**WHAT IS NEEDED:** Repeat the data that follows in full. Do not include the pictures.

-- DATA PROVIDED follows --

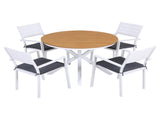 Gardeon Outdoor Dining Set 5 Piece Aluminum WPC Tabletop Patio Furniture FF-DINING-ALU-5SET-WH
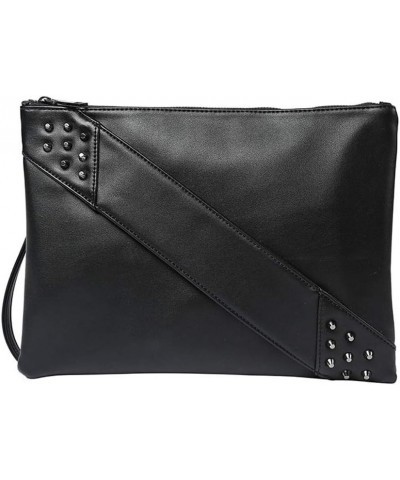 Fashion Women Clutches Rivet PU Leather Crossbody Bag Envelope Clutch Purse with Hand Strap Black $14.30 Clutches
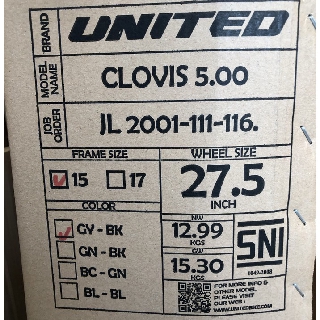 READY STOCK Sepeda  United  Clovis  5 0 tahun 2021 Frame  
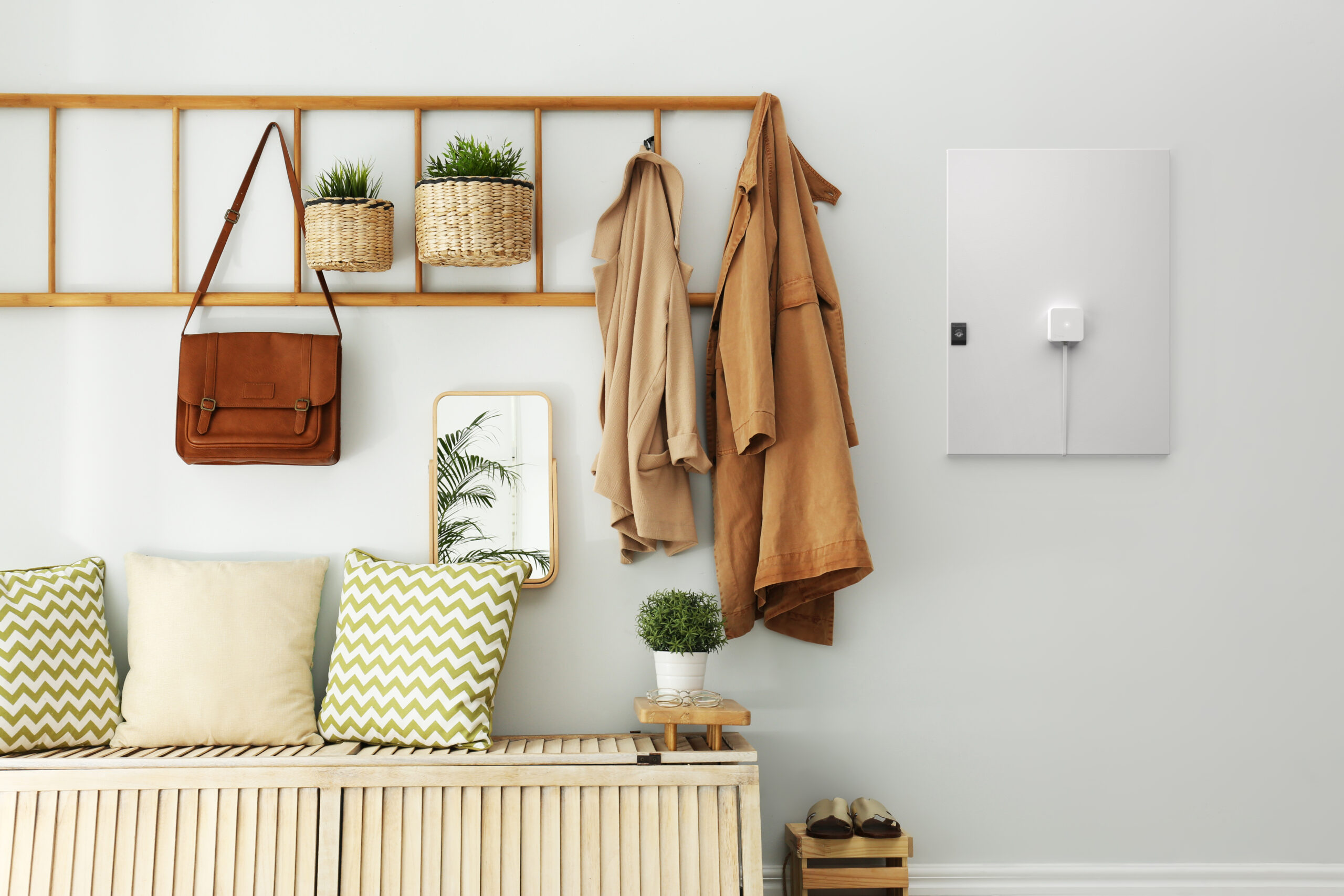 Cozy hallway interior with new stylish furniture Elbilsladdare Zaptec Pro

-- DATA PROVIDED concluded --

**RESULT BELOW:**
 Gardeon Outdoor Dining Set 5 Piece Aluminum WPC Tabletop Patio Furniture FF-DINING-ALU-5SET-WH
 Fashion Women Clutches Rivet PU Leather Crossbody Bag Envelope Clutch Purse with Hand Strap Black $14.30 Clutches
 READY STOCK Sepeda  United  Clovis  5 0 tahun 2021 Frame  
 Cozy hallway interior with new stylish furniture Elbilsladdare Zaptec Pro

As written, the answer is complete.